INFORMATION PROVIDED:
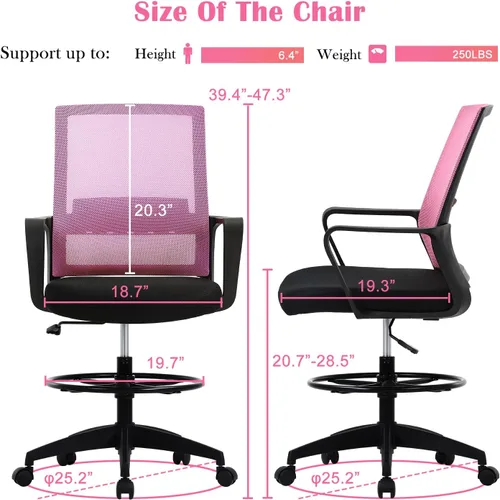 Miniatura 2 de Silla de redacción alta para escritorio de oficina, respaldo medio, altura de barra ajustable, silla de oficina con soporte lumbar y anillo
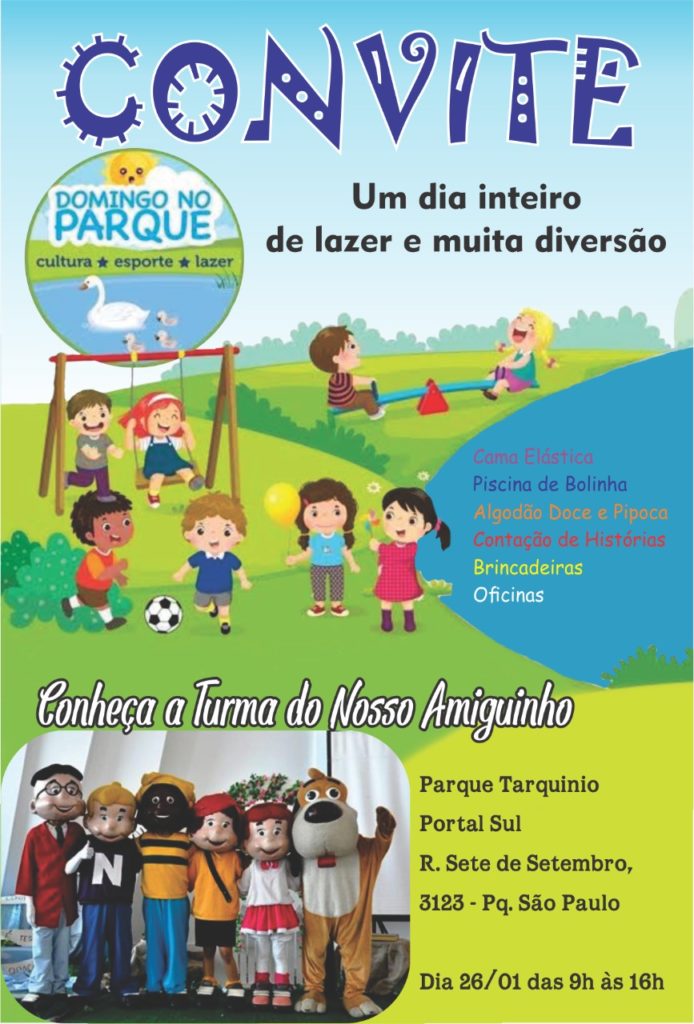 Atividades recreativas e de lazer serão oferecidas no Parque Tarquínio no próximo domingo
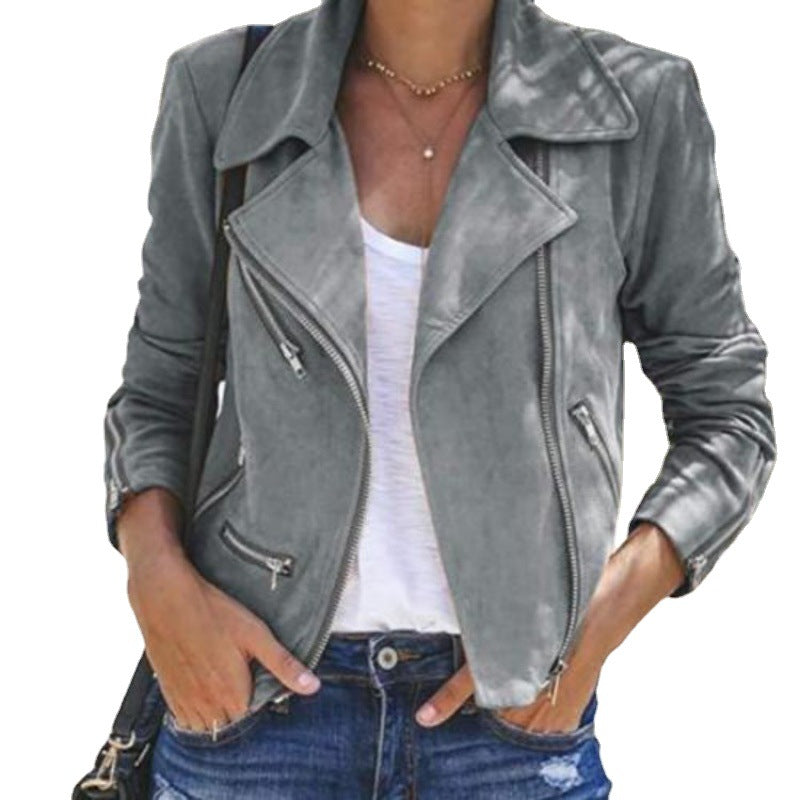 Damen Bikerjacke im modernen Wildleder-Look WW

ABOUT THIS TASK: The listing above must be given again exactly, minus its pictures.

FINAL ANSWER:
 Miniatura 2 de Silla de redacción alta para escritorio de oficina, respaldo medio, altura de barra ajustable, silla de oficina con soporte lumbar y anillo
 Atividades recreativas e de lazer serão oferecidas no Parque Tarquínio no próximo domingo
 Damen Bikerjacke im modernen Wildleder-Look WW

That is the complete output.